## What is being asked
The expected output is the full data, repeated exactly, without pictures.

## Information provided
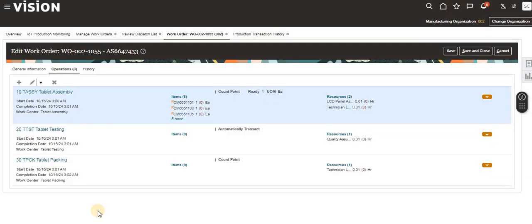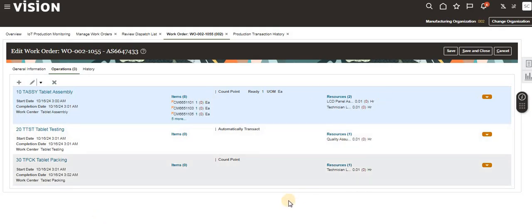That's all for this video. We have seen all the transactions involved in returning a work order in Oracle Fusion Manufacturing. Thank you all for your support, and see you in the next video.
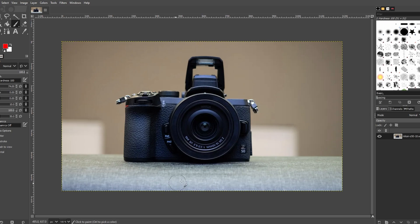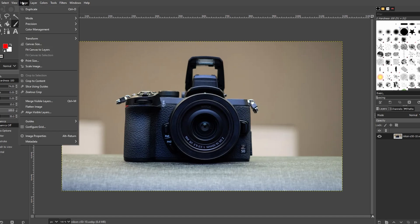Hey guys, in today's video I will show you how to resize the canvas in GIMP. First, navigate to the Image menu and select Canvas Size to open the Canvas Resize dialog box.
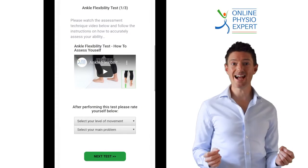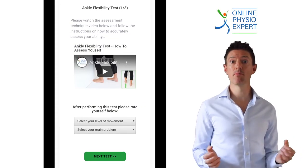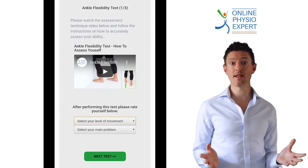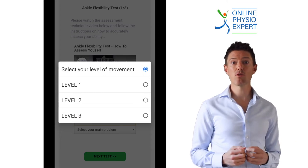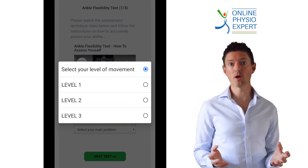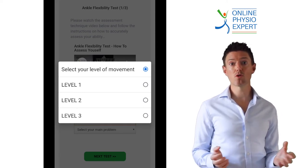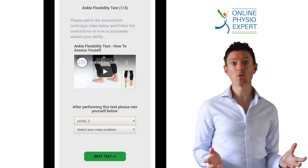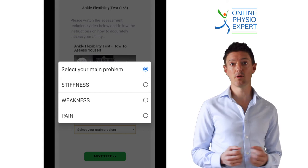So we can build the most accurate custom program for your individual problem, we have split the current movement test into three levels. Please watch the video and select whether your current movement is very limited, moderately limited, or not limited much at all or entirely normal. You will also be asked to select your main problem when performing this movement.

## Your response
That's all for this video. We have seen all the transactions involved in returning a work order in Oracle Fusion Manufacturing. Thank you all for your support, and see you in the next video.
Hey guys, in today's video I will show you how to resize the canvas in GIMP. First, navigate to the Image menu and select Canvas Size to open the Canvas Resize dialog box.
So we can build the most accurate custom program for your individual problem, we have split the current movement test into three levels. Please watch the video and select whether your current movement is very limited, moderately limited, or not limited much at all or entirely normal. You will also be asked to select your main problem when performing this movement.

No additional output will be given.